Records to process:
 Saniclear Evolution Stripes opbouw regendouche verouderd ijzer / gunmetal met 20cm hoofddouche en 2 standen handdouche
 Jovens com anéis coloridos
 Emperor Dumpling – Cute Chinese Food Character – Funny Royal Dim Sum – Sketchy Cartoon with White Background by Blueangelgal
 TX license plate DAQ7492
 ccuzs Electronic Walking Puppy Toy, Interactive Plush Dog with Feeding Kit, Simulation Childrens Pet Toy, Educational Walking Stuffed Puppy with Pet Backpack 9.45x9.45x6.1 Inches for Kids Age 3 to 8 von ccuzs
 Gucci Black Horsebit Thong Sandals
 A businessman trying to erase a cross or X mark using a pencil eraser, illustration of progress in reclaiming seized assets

---

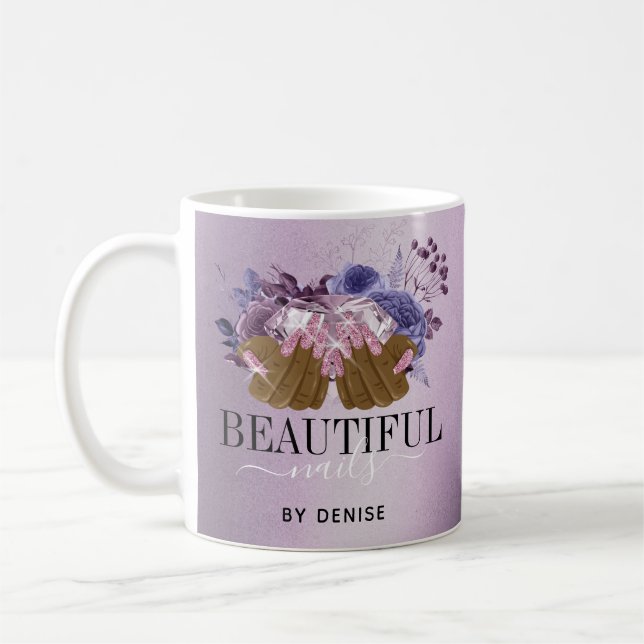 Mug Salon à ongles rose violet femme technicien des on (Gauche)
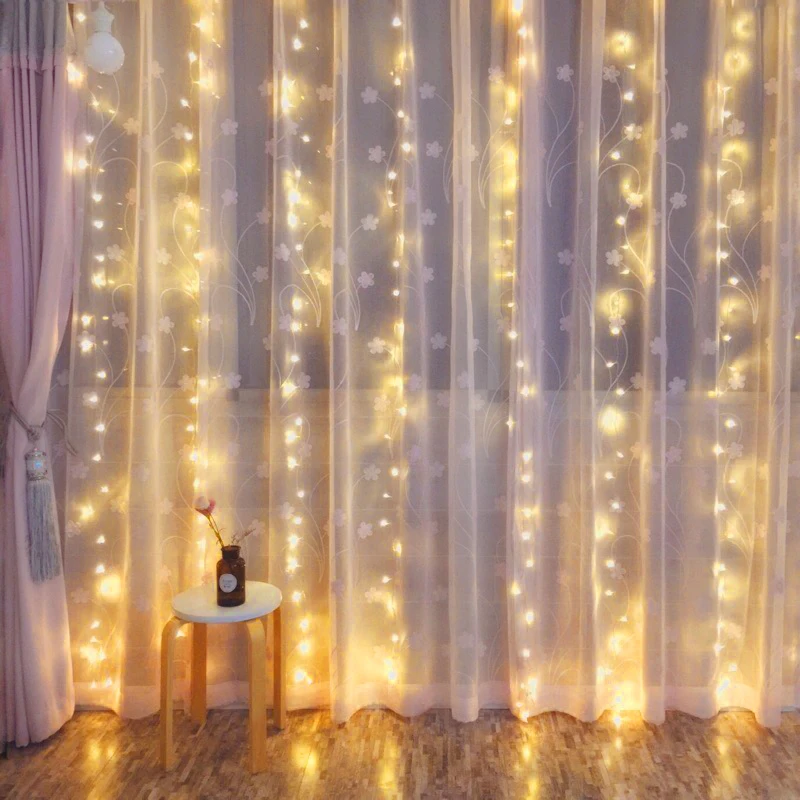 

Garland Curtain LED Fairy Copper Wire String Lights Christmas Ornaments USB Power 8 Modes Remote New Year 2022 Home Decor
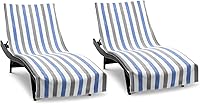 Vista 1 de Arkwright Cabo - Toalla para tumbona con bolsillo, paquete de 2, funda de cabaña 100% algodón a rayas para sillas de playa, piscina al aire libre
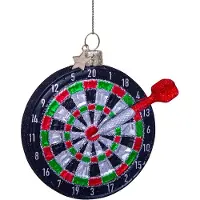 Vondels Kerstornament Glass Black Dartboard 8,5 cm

* * *

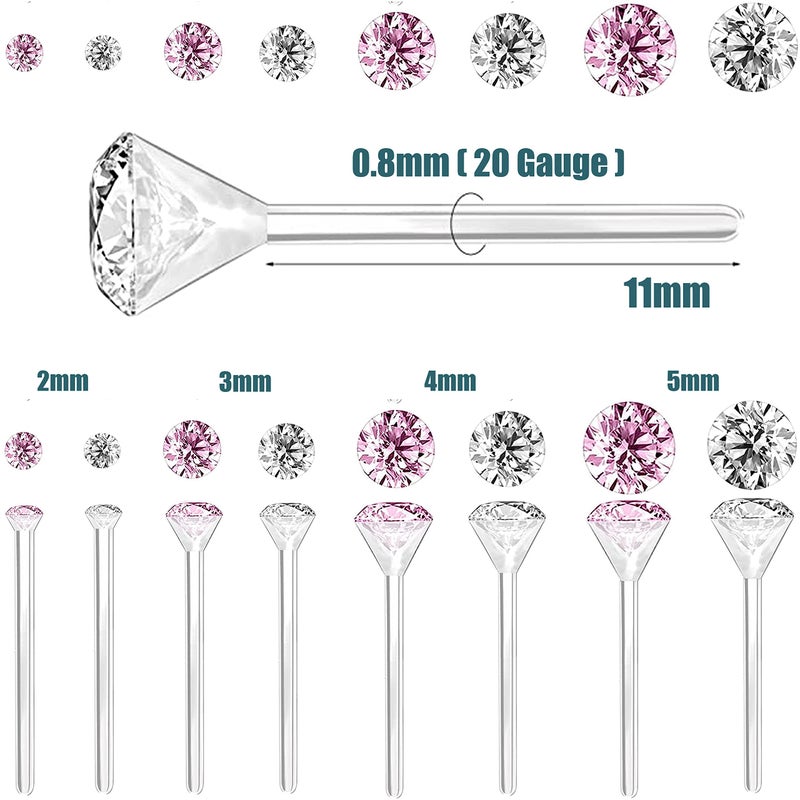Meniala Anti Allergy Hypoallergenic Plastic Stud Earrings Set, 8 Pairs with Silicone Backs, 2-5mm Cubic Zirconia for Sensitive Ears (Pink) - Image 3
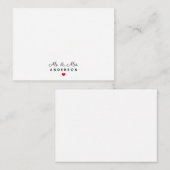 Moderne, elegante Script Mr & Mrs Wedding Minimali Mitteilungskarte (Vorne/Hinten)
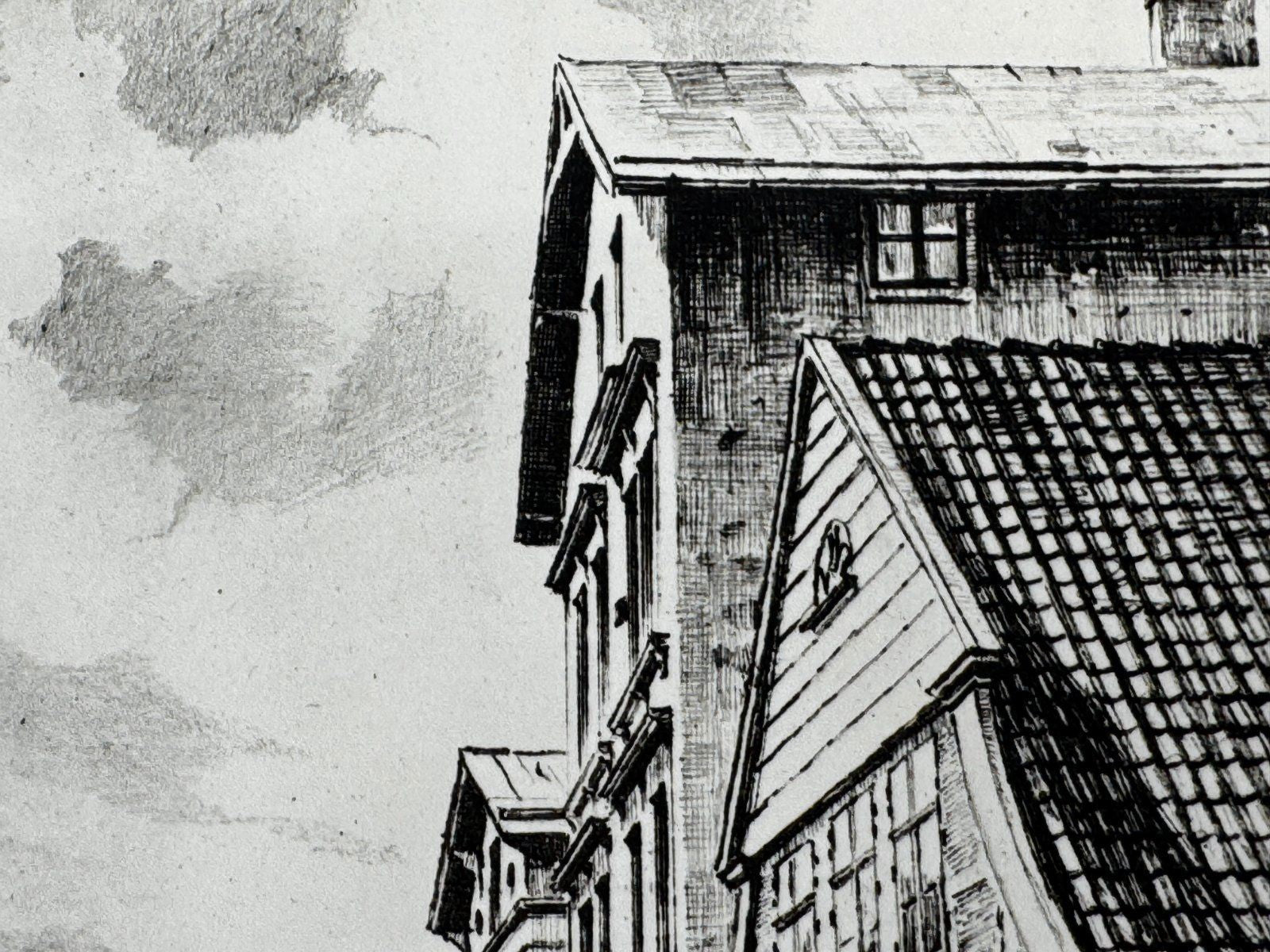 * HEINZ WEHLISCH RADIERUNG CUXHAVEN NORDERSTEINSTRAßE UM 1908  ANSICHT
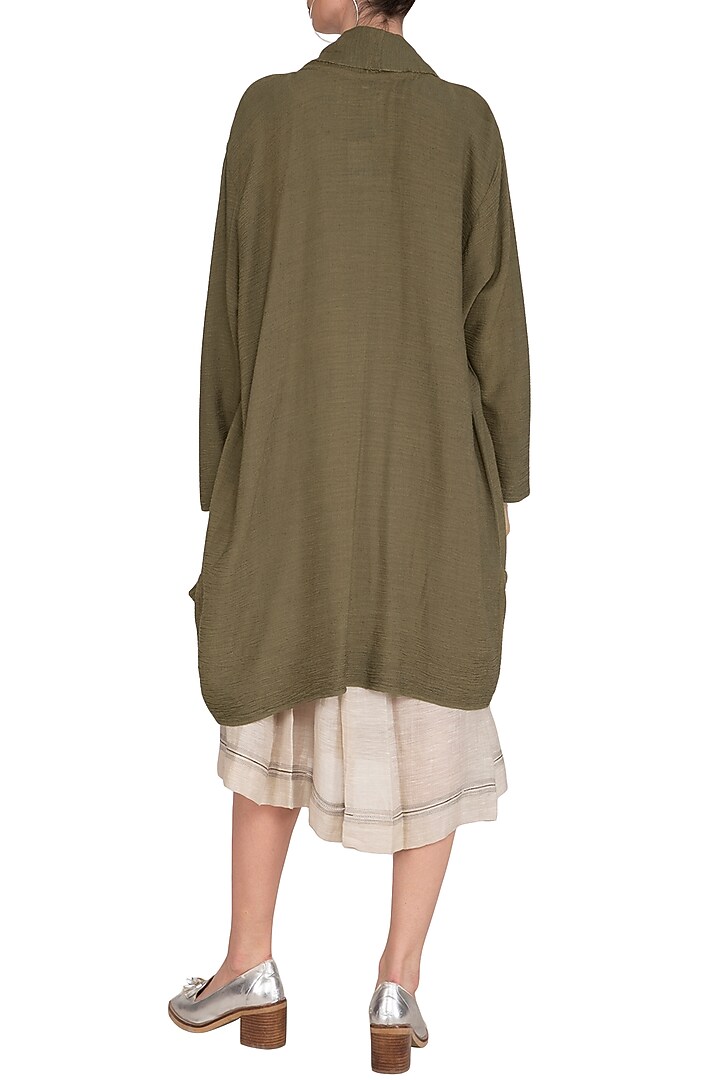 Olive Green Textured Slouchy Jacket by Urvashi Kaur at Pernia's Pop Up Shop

Activity: Start with the line above that contains "Saniclear Evolution Stripes" and stop after the line that contains "ccuzs Electronic Walking". Output those lines exactly, and only those.

Solution to this problem:
 Saniclear Evolution Stripes opbouw regendouche verouderd ijzer / gunmetal met 20cm hoofddouche en 2 standen handdouche
 Jovens com anéis coloridos
 Emperor Dumpling – Cute Chinese Food Character – Funny Royal Dim Sum – Sketchy Cartoon with White Background by Blueangelgal
 TX license plate DAQ7492
 ccuzs Electronic Walking Puppy Toy, Interactive Plush Dog with Feeding Kit, Simulation Childrens Pet Toy, Educational Walking Stuffed Puppy with Pet Backpack 9.45x9.45x6.1 Inches for Kids Age 3 to 8 von ccuzs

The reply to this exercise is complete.